Whitman Mission NHS was easy to get to once past the detour. I went into the visitor center, got my park stamp, and then watched the short video. Whitman and his wife Narcissa were Presbyterian missionaries, some of the first pioneers to arrive in the area. Whitman was both a doctor and a minister. A measles outbreak decimated nearly half of the resident native Indians in the area and, believing that Whitman was poisoning them - since none of the "white men" were dying from the disease, they rampaged and killed a dozen settlers, including Whitman and his wife. But the trail had been blazed, so to speak, and soon the indian tribe disappeared as more settlers moved into the area.

The visitor center sat on a nice shady piece of land and a park ranger was sitting out front under a tree, greeting approaching visitors and offering an introduction to the events that surrounded this location in the 1800's.

Back on the road again, U.S. 12 west took me to U.S. 730 which ran for miles along the south banks of Lake Wallula on the Columbia River. The views were spectacular! A large dam at Umatilla OR creates the Wallula lake on the river. From just south of Pasco all the way to Umatilla, the river was framed by high, brown hills on either side. The road stayed right on the banks of the river and at one of the pull-outs, I was able to climb over the guard rail and get down onto the river, touch the water, see the dark almost-black sand and take photos.

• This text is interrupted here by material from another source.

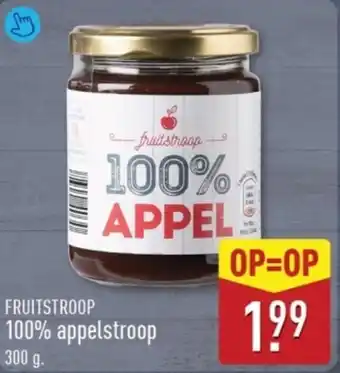ALDI Fruitstroop 100% Appelstroop aanbieding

U.S. 730 took me to I-82 and then to I-84 west which also stayed close to the Columbia River, now downstream of the dam, all the way to U.S. 97 south. It was a scenic ride which turned to "spectacular" when I came up over a rise in the road and there, in front of me, was Mt. Hood! I would catch a glimpse of it every now and then, whenever the road gained some elevation allowing me to see over the hills that hug the banks of the river. Just for grins, I checked the altitude on I-84 as it ran along the river and found it to be averaging 270 feet above sea level.

Once I turned onto U.S. 97 - the final leg of my journey to Redmond and the BMW rally - the road immediately started climbing into the hills. The average grade was 7% and a slow truck lane was filled with lumbering 18-wheelers. When I thought we'd reached a final altitude, I checked again and discovered I was now 2500 feet above sea level and still climbing.

The terrain was barren and otherworldly up here on 97, with miles and miles of brown grass-covered hills, some wheat farms, and not too much else. This went on for many miles, until I reached Madras, a decent-sized town.

I knew I was getting closer when I began to see more and more BMW's. Two pulled away from the gas station in Madras just as I pulled in. I was seeing others at gas stations and restaurants all through town. I was about 30 miles north of Redmond at this point and was eager to get to the rally site to register before they closed at 5:00 PM. I needn't have worried. I got there at 4:15, in plenty of time to register and hitch a ride in a golf cart to the first aid station to meet with committee chair Pat Carol and get my name onto the schedule for a couple of shifts.

That accomplished, I got back on the bike and continued south to Bend and the Holiday Inn Express. As I was checking in, one of the two desk clerks was getting ready to call in an order to Carino's for himself and the other clerk. I asked if they'd be willing to order something for me, too, since I hadn't really eaten all day. They gladly obliged and this gave me time to unpack the bike, get into the room, and take a shower before the food arrived. Perfect!! I had Chicken Balsamic with angel hair pasta in a light balsamic sauce and fabulous garlicy bread sticks to go with it. I could settle in for the evening with my feet up the A/C turned on and relax!

Tomorrow: Up early and over to the rally grounds! I'll check out the vendors, check in with the IBA folks to see if they need help signing in the Redmond 1000 riders, get lunch, then report for work at First Aid at 12:00 noon.